**Work instruction:** Below are entries. Copy exactly the lines running from the line that holds "2024 SunChaser Vista" to the line that holds "ein gewaltiger Absturz.", with both ends included.

**Exercise data:**
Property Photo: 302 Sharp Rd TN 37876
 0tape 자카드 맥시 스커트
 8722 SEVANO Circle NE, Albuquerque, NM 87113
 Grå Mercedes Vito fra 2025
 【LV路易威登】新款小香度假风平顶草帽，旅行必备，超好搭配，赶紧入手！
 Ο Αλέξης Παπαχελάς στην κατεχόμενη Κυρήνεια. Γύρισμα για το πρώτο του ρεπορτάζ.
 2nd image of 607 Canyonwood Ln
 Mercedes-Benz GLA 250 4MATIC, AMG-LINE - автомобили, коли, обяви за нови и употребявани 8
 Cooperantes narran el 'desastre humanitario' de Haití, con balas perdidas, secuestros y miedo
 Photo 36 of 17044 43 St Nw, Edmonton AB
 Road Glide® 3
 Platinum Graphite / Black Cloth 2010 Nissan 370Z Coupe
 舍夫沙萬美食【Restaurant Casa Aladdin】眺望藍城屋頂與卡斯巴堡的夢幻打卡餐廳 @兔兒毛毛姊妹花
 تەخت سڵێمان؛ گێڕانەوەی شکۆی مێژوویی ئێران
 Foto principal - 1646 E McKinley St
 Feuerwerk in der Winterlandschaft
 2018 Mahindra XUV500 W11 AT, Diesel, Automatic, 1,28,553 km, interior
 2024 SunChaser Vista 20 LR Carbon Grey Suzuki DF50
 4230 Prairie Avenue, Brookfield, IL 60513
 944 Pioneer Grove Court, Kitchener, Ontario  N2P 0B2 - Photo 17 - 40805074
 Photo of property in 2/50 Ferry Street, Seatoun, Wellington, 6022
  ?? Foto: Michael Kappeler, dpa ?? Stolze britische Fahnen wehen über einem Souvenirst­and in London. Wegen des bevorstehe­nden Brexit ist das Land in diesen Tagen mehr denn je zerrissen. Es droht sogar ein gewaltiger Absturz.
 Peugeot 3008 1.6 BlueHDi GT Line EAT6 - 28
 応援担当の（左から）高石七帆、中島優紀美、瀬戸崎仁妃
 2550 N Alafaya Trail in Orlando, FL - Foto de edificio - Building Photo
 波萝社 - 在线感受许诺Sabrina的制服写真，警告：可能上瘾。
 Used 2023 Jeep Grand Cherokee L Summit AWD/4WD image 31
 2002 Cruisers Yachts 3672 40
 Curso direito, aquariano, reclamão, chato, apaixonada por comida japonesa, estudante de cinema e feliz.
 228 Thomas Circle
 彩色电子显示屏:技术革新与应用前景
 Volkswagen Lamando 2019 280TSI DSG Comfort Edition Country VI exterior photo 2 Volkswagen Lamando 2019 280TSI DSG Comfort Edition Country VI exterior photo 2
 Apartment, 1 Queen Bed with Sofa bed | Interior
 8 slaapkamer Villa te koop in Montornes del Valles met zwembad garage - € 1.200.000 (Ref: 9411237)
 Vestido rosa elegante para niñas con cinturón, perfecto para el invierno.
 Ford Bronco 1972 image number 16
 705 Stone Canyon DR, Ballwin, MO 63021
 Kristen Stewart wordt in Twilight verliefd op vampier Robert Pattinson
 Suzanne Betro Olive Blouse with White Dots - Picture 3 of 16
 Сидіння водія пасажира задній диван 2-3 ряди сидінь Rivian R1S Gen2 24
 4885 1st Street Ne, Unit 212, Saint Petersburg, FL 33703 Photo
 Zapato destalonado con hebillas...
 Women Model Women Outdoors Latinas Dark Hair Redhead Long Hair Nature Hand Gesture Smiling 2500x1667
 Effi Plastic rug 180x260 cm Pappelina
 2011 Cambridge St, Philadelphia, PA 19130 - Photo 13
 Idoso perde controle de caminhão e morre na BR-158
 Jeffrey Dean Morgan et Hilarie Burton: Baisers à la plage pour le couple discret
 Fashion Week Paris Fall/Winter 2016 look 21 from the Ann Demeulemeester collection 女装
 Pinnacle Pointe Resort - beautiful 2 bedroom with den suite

**Solution to the problem:**
 2024 SunChaser Vista 20 LR Carbon Grey Suzuki DF50
 4230 Prairie Avenue, Brookfield, IL 60513
 944 Pioneer Grove Court, Kitchener, Ontario  N2P 0B2 - Photo 17 - 40805074
 Photo of property in 2/50 Ferry Street, Seatoun, Wellington, 6022
  ?? Foto: Michael Kappeler, dpa ?? Stolze britische Fahnen wehen über einem Souvenirst­and in London. Wegen des bevorstehe­nden Brexit ist das Land in diesen Tagen mehr denn je zerrissen. Es droht sogar ein gewaltiger Absturz.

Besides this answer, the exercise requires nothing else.